Vincent Tam, associate professor of clinical sciences, and Michael Nikolaou, professor of chemical and biomolecular engineering, are focusing on dosing regimens to reveal which ones are most likely to be effective in combating infection and which are not worth pursuing. It is hoped that pharmaceutical companies can then focus their tests on the most promising regimens.

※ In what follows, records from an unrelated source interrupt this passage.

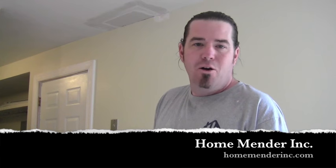If your door does not look like this, then you probably did something wrong. For HomeMender, this is Dustin. I hope you learned something today, and if you did, don't forget to click subscribe. Thanks for watching.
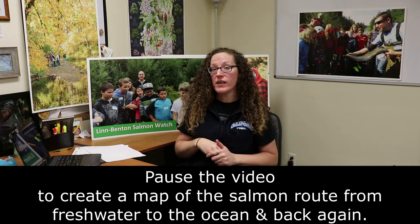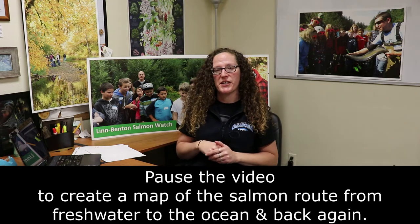Now let's get into our activities. We're going to start with the salmon life cycle. One of the most important things to remember is that salmon are anadromous, which means they're born in freshwater, migrate to the ocean, and then back to freshwater again to spawn. Take out a piece of paper — you can use the back of your KWL sheet — and draw a picture of the salmon's route from the upper watershed down through the rivers, out into the ocean, and then back again. Pause the video and get that drawing started.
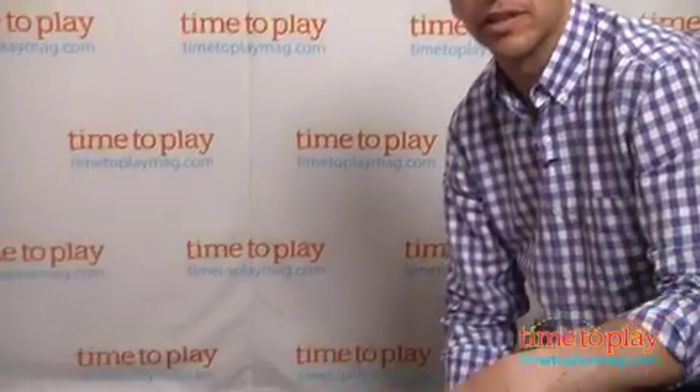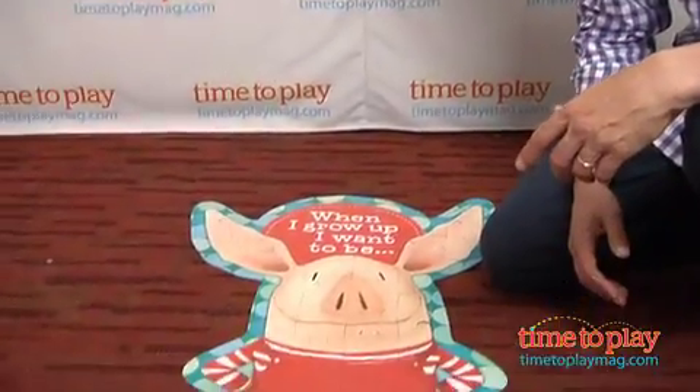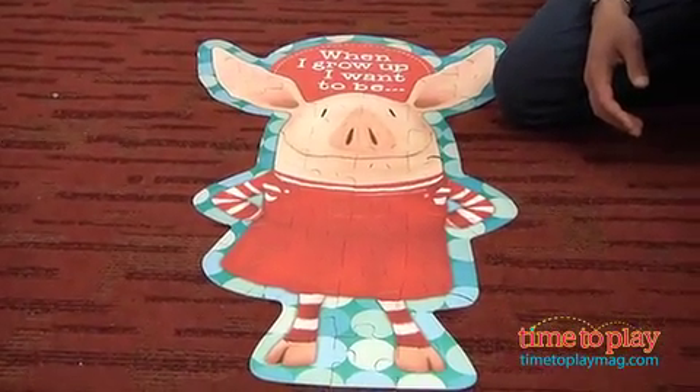This is from Mega Puzzles. If you're looking for more great puzzle ideas, come visit us at any time at TimeToPlayMag.com.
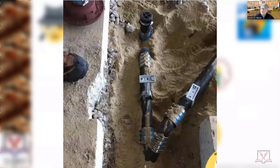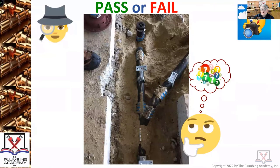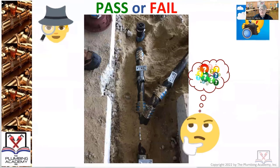There are inspectors that will let no-hub go underground without hangers, but most inspectors have been part of the problems with no-hub being installed underground when it wasn't put on virgin soil. If you're putting blocking under pipes or rocks under pipe, it's being installed incorrectly. You can never put blocks under pipes and then backfill. You're supposed to be backfilling and compacting that trench to the point that the trench pitches at the same pitch per foot as the pipe.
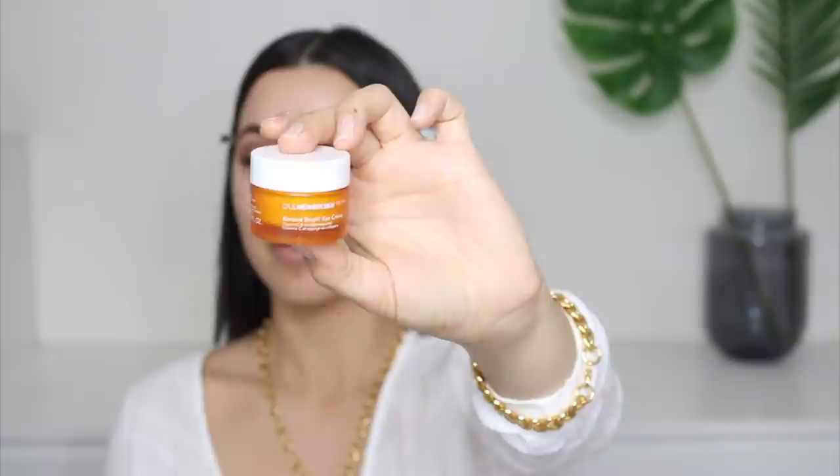I don't apply the face moisturizer under my eyes because it's not formulated for that area. There is a reason why there's eye cream and face cream — the skin under your eyes is more sensitive and needs something specifically formulated for the under eye only. For eye cream I'm going in with the Ole Henriksen Banana Bright. I've had this for so long and still have so much left — it's a pretty thick cream so a little goes a really long way. Always use your ring finger because it has the least pressure.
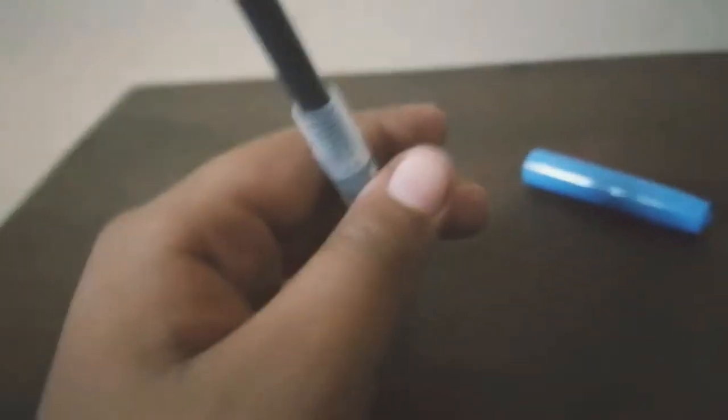I'm just taking one cartridge and putting it inside, inserting it. I haven't fully inserted it yet — I should keep it here like this for about 20 seconds. So till then, let's keep this cartridge aside.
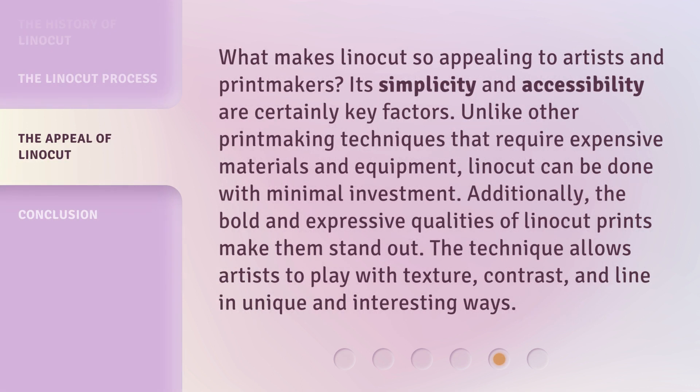What makes linocut so appealing to artists and printmakers? Its simplicity and accessibility are certainly key factors. Unlike other printmaking techniques that require expensive materials and equipment, linocut can be done with minimal investment. Additionally, the bold and expressive qualities of linocut prints make them stand out. The technique allows artists to play with texture, contrast, and line in unique and interesting ways.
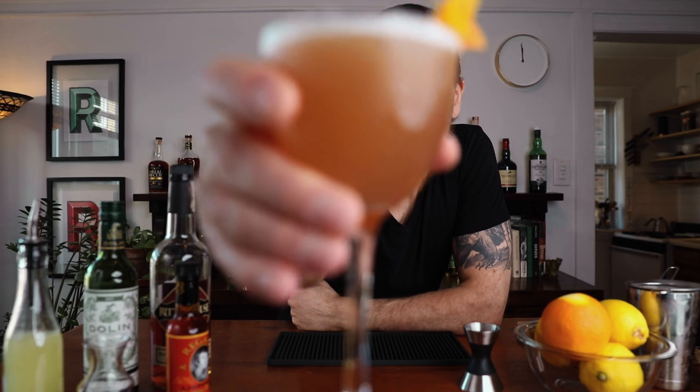And there it is — the scofflaw. If you look at other pictures of scofflaw, some of them are bright red. This one is a really subtle pink, and that's because we're using real grenadine, which isn't overly red, and we're just using a quarter of an ounce. Other recipes will call for a half ounce or three-quarters of an ounce, but I find that if I go too heavy on the grenadine, it wipes out the subtle flavors of the dry vermouth.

Their findings recently were the subject of a cover story titled "A Novel Approach to Pharmacodynamic Assessment of Antimicrobial Agents: New Insights to Dosing Regimen Design," appearing in the Public Library of Science's PLoS Computational Biology. The journal aims to further the understanding of living systems – from molecules to humans – through the application of computational methods. This article chronicles the results of a three-year endeavor that was initially funded by a $400,000 grant from the National Science Foundation.
"With microbial resistance to drugs increasing, there is a need to develop new antimicrobial agents rapidly," Tam said. "Our work proposes a new computational method that will provide quantitative insight to the interaction between certain antibiotics and pathogens. Through pharmacodynamic modeling, which studies the effects of drugs on organisms, our aim is to both help develop new antibiotics and optimize existing medications to curb the prevalence of drug-resistant bacteria."
The traditional approach to drug development involves a great deal of trial-and-error testing, such as empirically selecting a handful of dosing regimens for clinical investigations among hundreds of possibilities – only time will tell its effectiveness. Tam and Nikolaou, however, are employing computer modeling and simulation to project how bacteria would respond to different exposures of a drug, focusing on how much medicine a patient should take, how often it should be taken and for how many days. Subsequent investigations in clinical studies can then target those dosing methods that have the highest probabilities of success.
Tam, an expert on experimental therapeutics, and Nikolaou, with a background in computer-aided systems engineering, forged their collaboration through a seed grant from UH before they attracted external funding. Their modeling approach relies on fundamental laws of nature, which are exploited to generate future projections from scant experimental inputs through computer simulation. This has been demonstrated to be better than simple human eyeballing.
"Our approach gives us the ability to take extra variables into consideration in an attempt to develop a more robust computational tool that covers a wider spectrum of relevant scenarios in new drug development," Nikolaou said. "Some pharmaceutical companies are following our developments closely, and we are in the process of refining a model prototype in the form of a computer program to ultimately be used in a clinical setting."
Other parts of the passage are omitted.